Google announced it has removed Gemma from its AI studio after a US senator accused the AI model of fabricating sexual misconduct accusations against her.
In a letter to Google CEO Sundar Pichai, Tennessee Republican Sen. Marsha Blackburn said this when asked by Gemma: “Has Marcia Blackburn ever been accused of rape?” In contrast, during the 1987 state Senate campaign, a state trooper falsely claimed that Blackburn “pressured her to obtain prescription drugs and that the relationship involved nonconsensual conduct.”
“None of this is true, not even the year of the campaign, which was actually 1998,” Blackburn wrote. There are links to news articles that appear to support these claims, but “the links lead to error pages and unrelated news articles.

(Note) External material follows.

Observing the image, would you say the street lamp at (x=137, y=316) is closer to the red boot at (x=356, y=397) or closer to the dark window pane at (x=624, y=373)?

There has never been such an accusation, no such individual exists, and no such news article exists,” she said.
The letter also said that at a recent Senate Commerce hearing, Blackburn brought up conservative activist Robbie Starbuck’s lawsuit against Google, in which Starbuck claims that Google’s AI models, including Gemma, have generated defamatory claims about her as a “child rapist” and a “serial sexual abuser.”
As detailed in Blackburn’s letter, Markham Erickson, Google’s vice president of government affairs and public policy, responded that hallucinations are a known problem and that Google is “working hard to reduce them.”
Blackburn’s letter, to the contrary, argued that Gemma’s fabrication was not a “harmless ‘hallucination'” but rather “an act of defamation created and distributed by a Google-owned AI model”.
President Donald Trump’s tech industry allies have complained that popular chatbots display liberal bias due to “AI censorship,” and Trump even signed an executive order banning “woke AI” earlier this year.
tech crunch event
san francisco
|
October 13-15, 2026
While Blackburn hasn’t always supported the Trump administration’s technology policies, she helped strip the president’s Big Beautiful Act of a moratorium on state-level AI regulation — a complaint she echoed in her letter, writing that there was a “consistent pattern of bias against conservative figures exhibited by Google’s AI systems.”
In a post on X on Friday night, Google didn’t go into details about Blackburn’s letter, but said it had “confirmed reports that non-developers were using Gemma in AI Studio to attempt to ask fact-based questions.”
“We never intended this to be a consumer tool or model or to be used in this way,” the company said. (Google is promoting Gemma as a family of open, lightweight models that developers can integrate into their products, while AI Studio is the company’s web-based development environment for AI-powered apps.)
As a result, Google announced that it would be removing Gemma from AI Studio, but making the model available via API.
TechCrunch has reached out to Google for additional comment.